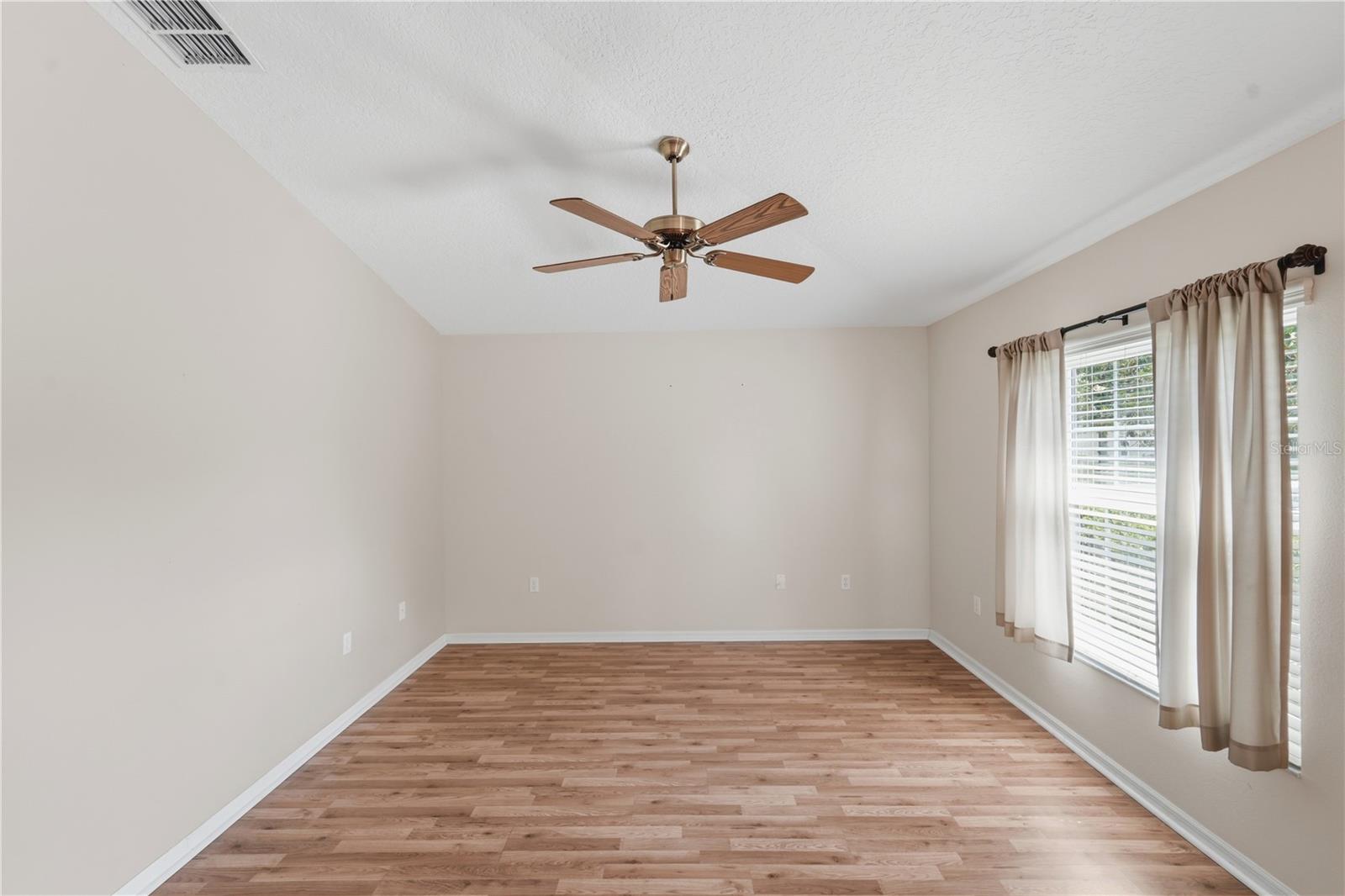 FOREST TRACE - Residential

:::::

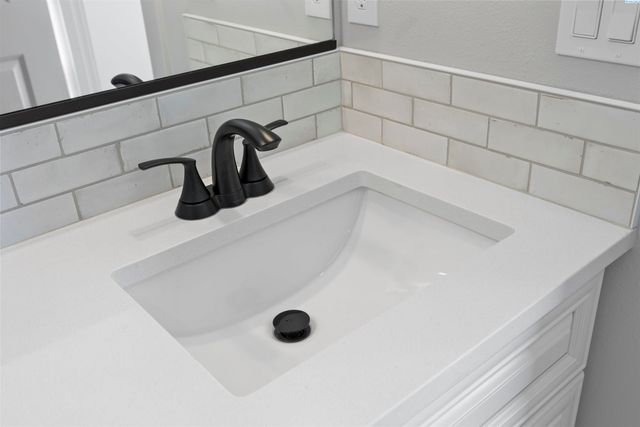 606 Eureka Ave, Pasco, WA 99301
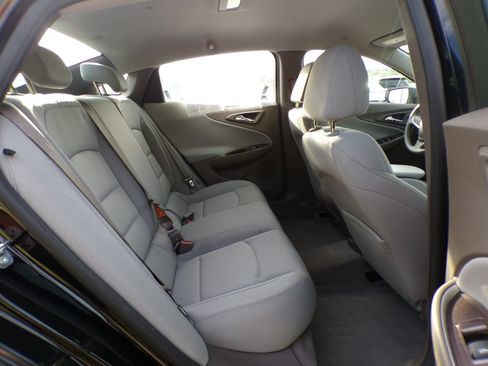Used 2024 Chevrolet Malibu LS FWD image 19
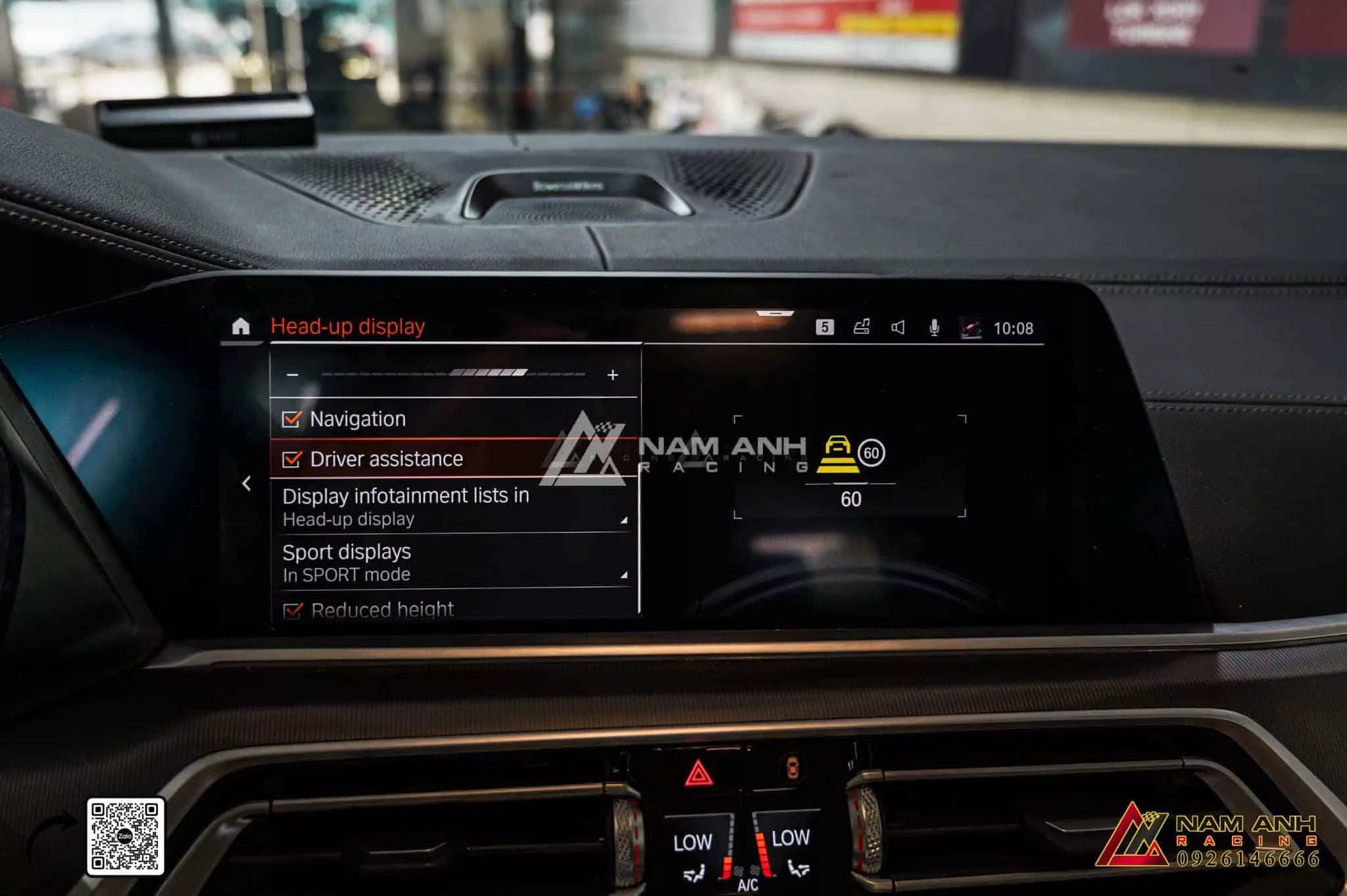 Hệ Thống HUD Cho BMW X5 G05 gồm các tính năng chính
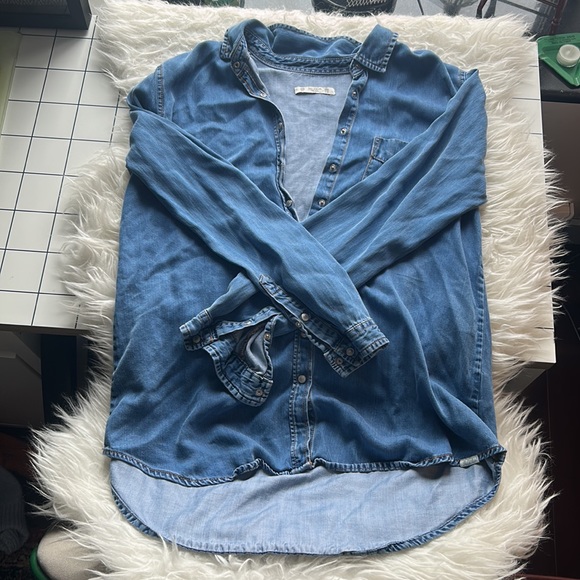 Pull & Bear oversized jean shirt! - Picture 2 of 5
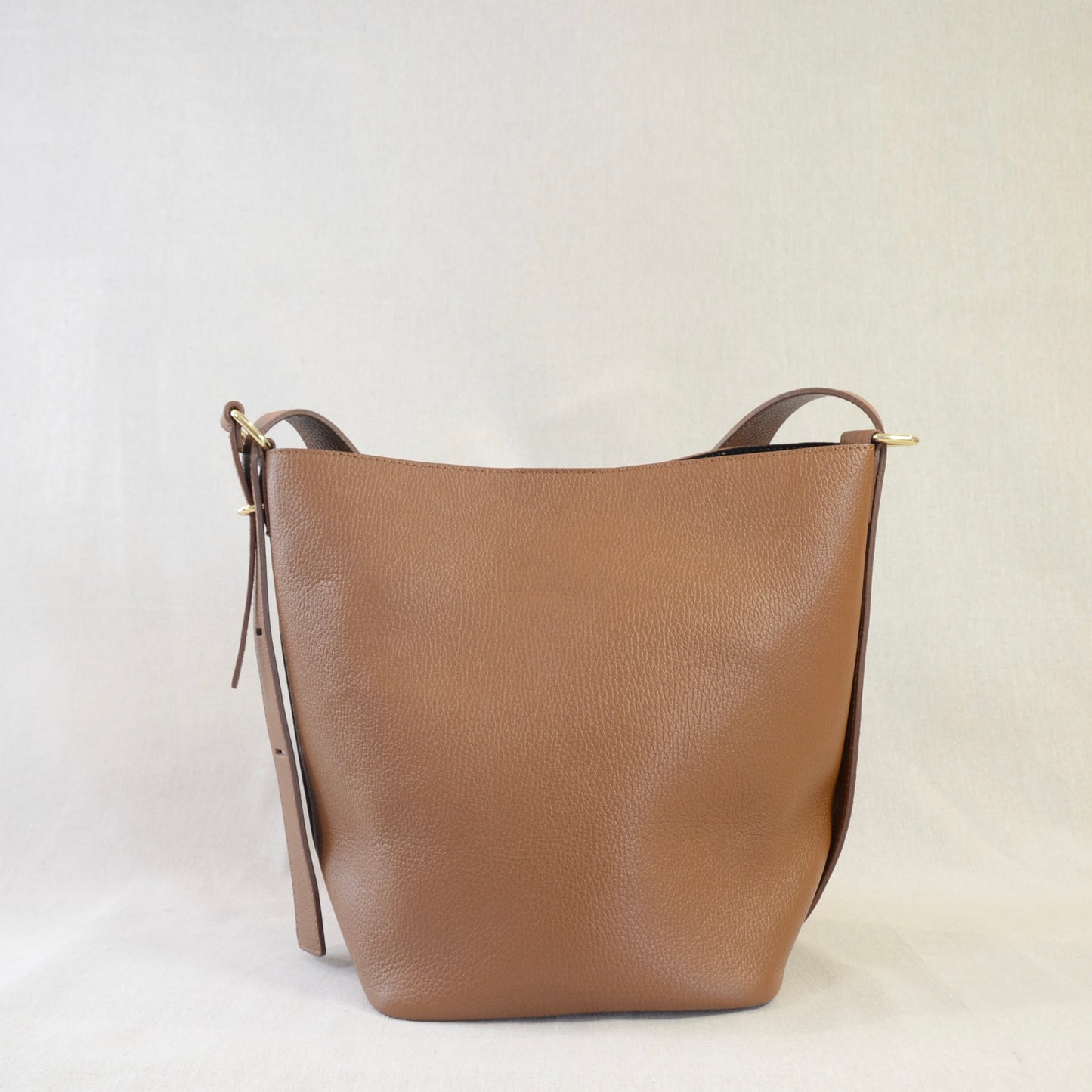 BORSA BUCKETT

:::::

Above are some records. Reproduce the lines from the one with "Used 2024 Chevrolet Malibu LS FWD image 19" down to the one with "BORSA BUCKETT", keeping both, and leave every picture out.

Used 2024 Chevrolet Malibu LS FWD image 19
 Hệ Thống HUD Cho BMW X5 G05 gồm các tính năng chính
 Pull & Bear oversized jean shirt! - Picture 2 of 5
 BORSA BUCKETT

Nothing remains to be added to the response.